その一言がとても重いものである、と言わんばかりに…。

「あれは… 伊織なんです」

え?
伊織って、あのやよいのお友達で、かわいくてやさしくてうたがうまくて、そしてちょっと意地悪な…?

「そうです… やよいの友達の伊織です」
ウサギはポツリポツリと、しかし力のこもった声で話し始めます。まるで重い扉を開くかのように…。
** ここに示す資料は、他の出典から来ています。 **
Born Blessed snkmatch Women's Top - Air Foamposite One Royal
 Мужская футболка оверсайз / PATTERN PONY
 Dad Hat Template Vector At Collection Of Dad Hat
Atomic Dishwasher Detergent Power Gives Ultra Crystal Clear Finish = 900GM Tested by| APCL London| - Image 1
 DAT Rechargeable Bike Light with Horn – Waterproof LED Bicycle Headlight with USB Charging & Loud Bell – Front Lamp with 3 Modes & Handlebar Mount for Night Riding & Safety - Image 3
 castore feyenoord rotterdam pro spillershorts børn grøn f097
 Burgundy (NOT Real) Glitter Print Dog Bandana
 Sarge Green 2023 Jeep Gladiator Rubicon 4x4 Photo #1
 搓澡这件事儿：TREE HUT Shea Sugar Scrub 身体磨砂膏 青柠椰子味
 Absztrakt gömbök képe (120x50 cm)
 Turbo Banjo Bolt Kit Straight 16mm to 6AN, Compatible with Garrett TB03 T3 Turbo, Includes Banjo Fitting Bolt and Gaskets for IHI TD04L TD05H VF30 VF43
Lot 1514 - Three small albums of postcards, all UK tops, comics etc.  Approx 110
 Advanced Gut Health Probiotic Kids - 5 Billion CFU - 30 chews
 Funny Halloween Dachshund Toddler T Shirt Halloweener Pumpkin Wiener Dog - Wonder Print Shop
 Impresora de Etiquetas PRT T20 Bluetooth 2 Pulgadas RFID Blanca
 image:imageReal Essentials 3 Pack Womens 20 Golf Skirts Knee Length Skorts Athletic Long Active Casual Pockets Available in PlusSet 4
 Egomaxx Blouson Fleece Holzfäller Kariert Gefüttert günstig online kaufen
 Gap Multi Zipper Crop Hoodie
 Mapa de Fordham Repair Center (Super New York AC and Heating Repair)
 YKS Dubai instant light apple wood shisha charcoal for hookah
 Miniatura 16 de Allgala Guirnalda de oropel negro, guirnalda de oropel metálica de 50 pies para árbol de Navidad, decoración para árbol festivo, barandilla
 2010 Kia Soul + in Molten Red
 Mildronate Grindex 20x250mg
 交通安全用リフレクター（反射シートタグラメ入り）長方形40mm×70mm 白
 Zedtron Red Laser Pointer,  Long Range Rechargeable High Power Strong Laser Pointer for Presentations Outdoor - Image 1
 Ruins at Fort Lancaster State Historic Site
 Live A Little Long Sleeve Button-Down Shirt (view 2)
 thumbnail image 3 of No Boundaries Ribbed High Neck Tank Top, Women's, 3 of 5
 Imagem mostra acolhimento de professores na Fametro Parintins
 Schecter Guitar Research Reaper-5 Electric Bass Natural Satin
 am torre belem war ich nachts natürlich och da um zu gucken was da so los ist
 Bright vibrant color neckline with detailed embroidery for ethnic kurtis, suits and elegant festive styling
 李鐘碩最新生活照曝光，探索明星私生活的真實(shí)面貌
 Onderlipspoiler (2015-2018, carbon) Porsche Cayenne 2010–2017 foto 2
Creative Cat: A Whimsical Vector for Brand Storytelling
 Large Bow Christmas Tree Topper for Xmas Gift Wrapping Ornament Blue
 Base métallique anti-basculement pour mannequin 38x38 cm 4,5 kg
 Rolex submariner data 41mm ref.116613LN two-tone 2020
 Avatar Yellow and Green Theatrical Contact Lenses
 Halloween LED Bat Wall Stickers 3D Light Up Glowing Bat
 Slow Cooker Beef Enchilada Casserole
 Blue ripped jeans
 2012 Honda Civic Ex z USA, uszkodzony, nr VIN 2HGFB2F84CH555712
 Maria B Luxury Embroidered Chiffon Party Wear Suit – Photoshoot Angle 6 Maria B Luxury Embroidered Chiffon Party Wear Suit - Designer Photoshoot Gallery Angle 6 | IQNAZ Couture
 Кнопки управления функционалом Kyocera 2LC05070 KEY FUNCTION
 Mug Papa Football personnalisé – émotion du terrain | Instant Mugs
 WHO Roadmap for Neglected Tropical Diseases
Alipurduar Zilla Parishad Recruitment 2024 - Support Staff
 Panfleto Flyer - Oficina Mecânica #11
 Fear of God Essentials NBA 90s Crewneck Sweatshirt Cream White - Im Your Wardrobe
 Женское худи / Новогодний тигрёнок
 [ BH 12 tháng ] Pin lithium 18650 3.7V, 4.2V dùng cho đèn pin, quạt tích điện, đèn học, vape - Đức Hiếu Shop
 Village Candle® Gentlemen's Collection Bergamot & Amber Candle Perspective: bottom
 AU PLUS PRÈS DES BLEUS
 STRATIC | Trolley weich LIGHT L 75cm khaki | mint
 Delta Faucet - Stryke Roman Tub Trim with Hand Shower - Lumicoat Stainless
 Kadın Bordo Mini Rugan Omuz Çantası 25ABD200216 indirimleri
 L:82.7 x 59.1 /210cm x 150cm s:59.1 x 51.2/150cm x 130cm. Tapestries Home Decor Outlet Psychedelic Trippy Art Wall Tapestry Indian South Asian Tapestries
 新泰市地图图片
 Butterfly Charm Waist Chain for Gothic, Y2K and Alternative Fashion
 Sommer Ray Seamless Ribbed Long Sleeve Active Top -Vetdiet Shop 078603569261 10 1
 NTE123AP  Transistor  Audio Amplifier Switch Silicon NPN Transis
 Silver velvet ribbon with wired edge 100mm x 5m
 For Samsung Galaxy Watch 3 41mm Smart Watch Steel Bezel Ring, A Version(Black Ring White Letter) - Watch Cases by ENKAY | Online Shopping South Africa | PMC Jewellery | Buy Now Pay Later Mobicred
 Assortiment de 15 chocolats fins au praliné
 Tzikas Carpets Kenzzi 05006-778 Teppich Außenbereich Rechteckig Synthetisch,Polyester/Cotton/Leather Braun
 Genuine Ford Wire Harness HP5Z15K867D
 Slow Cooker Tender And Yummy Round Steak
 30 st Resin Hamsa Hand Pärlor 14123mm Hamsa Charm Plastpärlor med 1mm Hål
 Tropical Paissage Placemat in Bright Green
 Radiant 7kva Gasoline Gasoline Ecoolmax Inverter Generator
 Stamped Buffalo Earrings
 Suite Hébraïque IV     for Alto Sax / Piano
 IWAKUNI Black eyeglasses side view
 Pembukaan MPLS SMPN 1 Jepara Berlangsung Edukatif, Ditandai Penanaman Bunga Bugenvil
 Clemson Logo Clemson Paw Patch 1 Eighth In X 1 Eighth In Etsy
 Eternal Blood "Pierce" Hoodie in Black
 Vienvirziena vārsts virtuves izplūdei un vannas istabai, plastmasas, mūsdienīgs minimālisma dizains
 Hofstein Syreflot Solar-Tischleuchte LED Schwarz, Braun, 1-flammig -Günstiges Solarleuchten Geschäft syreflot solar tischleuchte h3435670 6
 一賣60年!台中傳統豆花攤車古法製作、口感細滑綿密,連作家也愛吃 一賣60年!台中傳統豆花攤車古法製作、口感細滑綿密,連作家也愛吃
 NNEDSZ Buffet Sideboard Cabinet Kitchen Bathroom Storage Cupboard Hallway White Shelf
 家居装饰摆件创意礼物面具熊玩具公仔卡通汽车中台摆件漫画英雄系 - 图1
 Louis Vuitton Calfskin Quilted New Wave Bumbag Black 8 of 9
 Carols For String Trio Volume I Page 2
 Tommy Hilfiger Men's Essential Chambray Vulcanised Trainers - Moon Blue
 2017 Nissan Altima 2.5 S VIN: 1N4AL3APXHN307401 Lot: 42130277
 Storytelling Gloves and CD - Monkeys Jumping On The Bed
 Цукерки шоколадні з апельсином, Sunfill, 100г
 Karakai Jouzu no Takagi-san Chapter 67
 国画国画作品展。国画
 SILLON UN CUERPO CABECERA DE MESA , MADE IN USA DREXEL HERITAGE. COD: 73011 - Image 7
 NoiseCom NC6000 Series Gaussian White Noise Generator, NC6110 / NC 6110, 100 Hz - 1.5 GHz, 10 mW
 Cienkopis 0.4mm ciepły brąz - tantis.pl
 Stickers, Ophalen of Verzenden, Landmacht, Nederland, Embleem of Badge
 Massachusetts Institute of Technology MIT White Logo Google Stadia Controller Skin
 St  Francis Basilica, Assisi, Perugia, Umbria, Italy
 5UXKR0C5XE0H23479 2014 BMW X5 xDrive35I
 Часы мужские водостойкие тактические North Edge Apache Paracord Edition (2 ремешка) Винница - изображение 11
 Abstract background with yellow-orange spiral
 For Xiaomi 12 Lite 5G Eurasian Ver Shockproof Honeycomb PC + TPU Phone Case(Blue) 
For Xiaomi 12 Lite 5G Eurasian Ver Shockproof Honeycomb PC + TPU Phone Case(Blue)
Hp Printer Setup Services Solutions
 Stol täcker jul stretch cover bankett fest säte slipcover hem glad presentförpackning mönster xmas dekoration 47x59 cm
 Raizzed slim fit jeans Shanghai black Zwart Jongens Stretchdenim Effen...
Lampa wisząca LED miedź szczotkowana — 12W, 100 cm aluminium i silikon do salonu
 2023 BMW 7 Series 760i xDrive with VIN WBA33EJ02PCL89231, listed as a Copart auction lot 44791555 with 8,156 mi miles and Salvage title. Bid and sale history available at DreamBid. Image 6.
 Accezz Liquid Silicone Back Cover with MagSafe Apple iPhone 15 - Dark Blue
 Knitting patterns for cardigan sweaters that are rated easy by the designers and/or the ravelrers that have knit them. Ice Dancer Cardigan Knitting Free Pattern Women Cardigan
「やよい、あの本のこと覚えていますか?『不思議の国のアリス』」
「うん、結構重たくて持って帰るのに苦労したかな…」
「あれはもともと伊織の家にあったもの、そしてあの女王を封じ込めてあった書物なのです…」
ウサギはそこで一度言葉を切って、
「考えてもみてください、子供向けの童話が、そんな重たい書物として作られると思いますか?」
「…」

ウサギの目は遠くを見つめながら、
「あれはその昔、女王と守護者、そしてその魔法のドレスやストローを封じ込めてあったものです。
そして、それは長らく開かれることはありませんでした。伊織の家に来るまでは…」
「伊織ちゃんか誰かがその本を開いたせいで…?」
「はい、もともと女王を解き放ったのは伊織です。女王はそのまま伊織を乗っ取って、鏡の国を支配
しようと動き始めたのです」
そこで、ウサギはやよいのほうに向き直って言葉を続けます。
「それがどう巡り巡ったのか、まさかやよいの学校の図書館に来るとは思いませんでした」
「それじゃぁ、私があの本を開いたときに…?」
「ええ、そのドレスとストロー、そして同時に鏡の国の守護者も解き放たれて、女王を止めるべく…」
「じゃぁ、今本物の伊織ちゃんは…?」
「女王と完全に一体化する手前、というところでしょう。女王をもし止めることが出来なければ、本物の
伊織もそのまま鏡の国… 夢の世界から永久に帰れなくなってしまいます」
「そんな…!」
やよいの顔が見る見る青ざめていきます。

「だから… お願いです、伊織を、鏡の国を何としてでも救ってください…!」
是も非もありません。
返事をすることも無く、やよいは城のあるほうへと駆け出していきました。
「…ウサギさん、お願い。最後まで私に力を貸して!」
振り返りながら、大きな声でやよいはウサギに向かって言いました。
「…ありがとうございます」
ウサギの目に、知らず知らずに涙がこぼれてきました。ウサギにとって、それは初めてのことでしたが、
不思議とそれを自分で訝しがることはありませんでした。そう、まるで普通のことであるかのように…。